简体   繁体   中英

Lucene 2.9.2: How to show results in random order?

By default, Lucene returns the query results in the order of relevance (score). You can pass a sort field (or multiple), then the results get sorted by that field.

I am looking now for a nice solution to get the search results in random order .

The bad approach:
Of course I could take ALL results and then shuffle the collection, but in case of 5 Mio search results, that's not performing well.

The elegant paged approach:
With this approach you would be able to tell Lucene the following:
a) Give me results 1 to 10 out of 5Mio results in random order
b) Then give me 11 to 20 (based on the same random sequence used in a).
c) Just to clarify: If you call a) twice you get the same random elements.

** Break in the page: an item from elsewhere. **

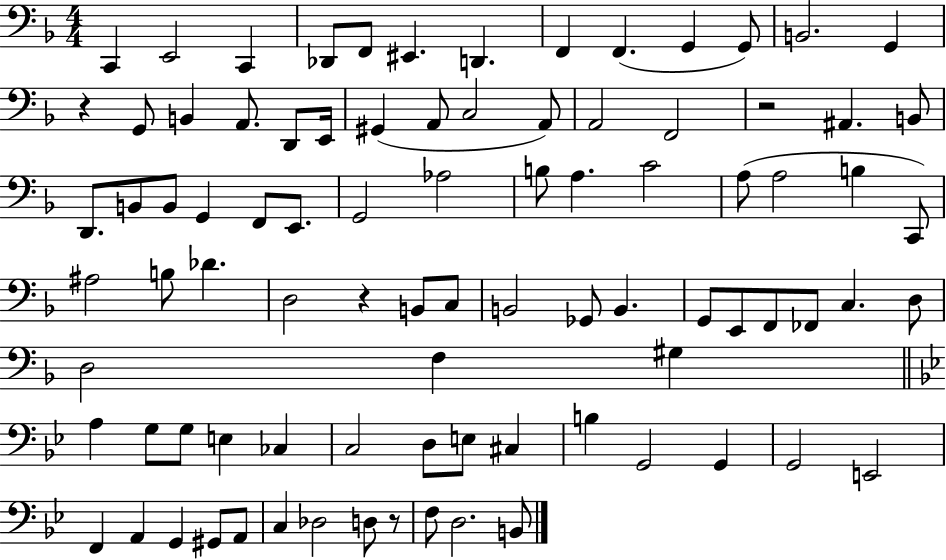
C2/q E2/h C2/q Db2/e F2/e EIS2/q. D2/q. F2/q F2/q. G2/q G2/e B2/h. G2/q R/q G2/e B2/q A2/e. D2/e E2/s G#2/q A2/e C3/h A2/e A2/h F2/h R/h A#2/q. B2/e D2/e. B2/e B2/e G2/q F2/e E2/e. G2/h Ab3/h B3/e A3/q. C4/h A3/e A3/h B3/q C2/e A#3/h B3/e Db4/q. D3/h R/q B2/e C3/e B2/h Gb2/e B2/q. G2/e E2/e F2/e FES2/e C3/q. D3/e D3/h F3/q G#3/q A3/q G3/e G3/e E3/q CES3/q C3/h D3/e E3/e C#3/q B3/q G2/h G2/q G2/h E2/h F2/q A2/q G2/q G#2/e A2/e C3/q Db3/h D3/e R/e F3/e D3/h. B2/e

How can you implement this approach??


Update Jul27 2012: Be aware that the solution described here for Lucene 2.9.x is not working properly. Using the RandomOrderScoreDocComparator will result in having certain results twice in the resulting list.

You could write a custom FieldComparator :

public class RandomOrderFieldComparator extends FieldComparator<Integer> {

    private final Random random = new Random();

    @Override
    public int compare(int slot1, int slot2) {
        return random.nextInt();
    }

    @Override
    public int compareBottom(int doc) throws IOException {
        return random.nextInt();
    }

    @Override
    public void copy(int slot, int doc) throws IOException {
    }

    @Override
    public void setBottom(int bottom) {
    }

    @Override
    public void setNextReader(IndexReader reader, int docBase) throws IOException {
    }

    @Override
    public Integer value(int slot) {
        return random.nextInt();
    }

}

This doesn't consume any I/O when shuffling the results. Here is my sample program that demonstrates how you use this:

public static void main(String... args) throws Exception {
    RAMDirectory directory = new RAMDirectory();

    Analyzer analyzer = new StandardAnalyzer(Version.LUCENE_33);

    IndexWriter writer = new IndexWriter(
            directory,
            new IndexWriterConfig(Version.LUCENE_33, analyzer).setOpenMode(OpenMode.CREATE_OR_APPEND)
        );

    Document alice = new Document();
    alice.add( new Field("name", "Alice", Field.Store.YES, Field.Index.ANALYZED) );
    writer.addDocument( alice );

    Document bob = new Document();
    bob.add( new Field("name", "Bob", Field.Store.YES, Field.Index.ANALYZED) );
    writer.addDocument( bob );

    Document chris = new Document();
    chris.add( new Field("name", "Chris", Field.Store.YES, Field.Index.ANALYZED) );
    writer.addDocument( chris );

    writer.close();


    IndexSearcher searcher = new IndexSearcher( directory );



    for (int pass = 1; pass <= 10; pass++) {
        Query query = new MatchAllDocsQuery();

        Sort sort = new Sort(
                new SortField(
                        "",
                        new FieldComparatorSource() {

                            @Override
                            public FieldComparator<Integer> newComparator(String fieldname, int numHits, int sortPos, boolean reversed) throws IOException {
                                return new RandomOrderFieldComparator();
                            }

                        }
                    )
            );

        TopFieldDocs topFieldDocs = searcher.search( query, 10, sort );

        System.out.print("Pass #" + pass + ":");
        for (int i = 0; i < topFieldDocs.totalHits; i++) {
            System.out.print( " " + topFieldDocs.scoreDocs[i].doc );
        }
        System.out.println();
    }
}

It yields up this output:

Pass #1: 1 0 2
Pass #2: 1 0 2
Pass #3: 0 1 2
Pass #4: 0 1 2
Pass #5: 0 1 2
Pass #6: 1 0 2
Pass #7: 0 2 1
Pass #8: 1 2 0
Pass #9: 2 0 1
Pass #10: 0 2 1

Bonus! For those of you trapped in Lucene 2

public class RandomOrderScoreDocComparator implements ScoreDocComparator {

    private final Random random = new Random();

    public int compare(ScoreDoc i, ScoreDoc j) {
        return random.nextInt();
    }

    public Comparable<?> sortValue(ScoreDoc i) {
        return Integer.valueOf( random.nextInt() );
    }

    public int sortType() {
        return SortField.CUSTOM;
    }

}

All you have to change is the Sort object:

Sort sort = new Sort(
    new SortField(
        "",
        new SortComparatorSource() {
            public ScoreDocComparator newComparator(IndexReader reader, String fieldName) throws IOException {
                return new RandomOrderScoreDocComparator();
            }
        }
    )
);

Here's my solution that so far has proven to avoid duplicate results. It's in C# (for Lucene.Net) but I've started it from the Java sample so it should be easily converted back.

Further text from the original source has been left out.